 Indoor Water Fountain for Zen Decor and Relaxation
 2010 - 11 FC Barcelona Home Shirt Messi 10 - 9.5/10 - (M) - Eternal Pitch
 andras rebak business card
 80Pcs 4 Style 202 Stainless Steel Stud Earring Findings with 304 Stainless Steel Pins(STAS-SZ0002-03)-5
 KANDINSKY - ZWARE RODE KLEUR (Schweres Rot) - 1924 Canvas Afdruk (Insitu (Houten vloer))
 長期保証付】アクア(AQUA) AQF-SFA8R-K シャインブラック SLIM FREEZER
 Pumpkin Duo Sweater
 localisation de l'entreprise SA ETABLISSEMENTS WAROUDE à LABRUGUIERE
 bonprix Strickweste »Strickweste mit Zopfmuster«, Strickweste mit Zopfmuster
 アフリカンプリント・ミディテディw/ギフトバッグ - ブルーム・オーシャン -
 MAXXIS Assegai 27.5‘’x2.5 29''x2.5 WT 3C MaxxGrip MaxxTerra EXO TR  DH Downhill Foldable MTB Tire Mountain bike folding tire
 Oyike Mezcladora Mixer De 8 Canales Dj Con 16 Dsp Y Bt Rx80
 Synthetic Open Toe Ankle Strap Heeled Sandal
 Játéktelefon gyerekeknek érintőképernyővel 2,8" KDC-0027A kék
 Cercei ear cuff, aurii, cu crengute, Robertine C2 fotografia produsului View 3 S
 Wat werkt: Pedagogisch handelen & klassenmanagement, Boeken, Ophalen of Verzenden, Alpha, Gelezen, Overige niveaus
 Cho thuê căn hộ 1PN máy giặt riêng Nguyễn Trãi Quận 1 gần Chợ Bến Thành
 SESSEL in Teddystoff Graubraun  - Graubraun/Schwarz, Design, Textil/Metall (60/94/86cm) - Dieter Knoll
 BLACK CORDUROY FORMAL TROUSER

========================================================================

• WHAT YOU HAVE TO DO
Go through the records and print each one exactly.

• EXERCISE RESPONSE
 Indoor Water Fountain for Zen Decor and Relaxation
 2010 - 11 FC Barcelona Home Shirt Messi 10 - 9.5/10 - (M) - Eternal Pitch
 andras rebak business card
 80Pcs 4 Style 202 Stainless Steel Stud Earring Findings with 304 Stainless Steel Pins(STAS-SZ0002-03)-5
 KANDINSKY - ZWARE RODE KLEUR (Schweres Rot) - 1924 Canvas Afdruk (Insitu (Houten vloer))
 長期保証付】アクア(AQUA) AQF-SFA8R-K シャインブラック SLIM FREEZER
 Pumpkin Duo Sweater
 localisation de l'entreprise SA ETABLISSEMENTS WAROUDE à LABRUGUIERE
 bonprix Strickweste »Strickweste mit Zopfmuster«, Strickweste mit Zopfmuster
 アフリカンプリント・ミディテディw/ギフトバッグ - ブルーム・オーシャン -
 MAXXIS Assegai 27.5‘’x2.5 29''x2.5 WT 3C MaxxGrip MaxxTerra EXO TR  DH Downhill Foldable MTB Tire Mountain bike folding tire
 Oyike Mezcladora Mixer De 8 Canales Dj Con 16 Dsp Y Bt Rx80
 Synthetic Open Toe Ankle Strap Heeled Sandal
 Játéktelefon gyerekeknek érintőképernyővel 2,8" KDC-0027A kék
 Cercei ear cuff, aurii, cu crengute, Robertine C2 fotografia produsului View 3 S
 Wat werkt: Pedagogisch handelen & klassenmanagement, Boeken, Ophalen of Verzenden, Alpha, Gelezen, Overige niveaus
 Cho thuê căn hộ 1PN máy giặt riêng Nguyễn Trãi Quận 1 gần Chợ Bến Thành
 SESSEL in Teddystoff Graubraun  - Graubraun/Schwarz, Design, Textil/Metall (60/94/86cm) - Dieter Knoll
 BLACK CORDUROY FORMAL TROUSER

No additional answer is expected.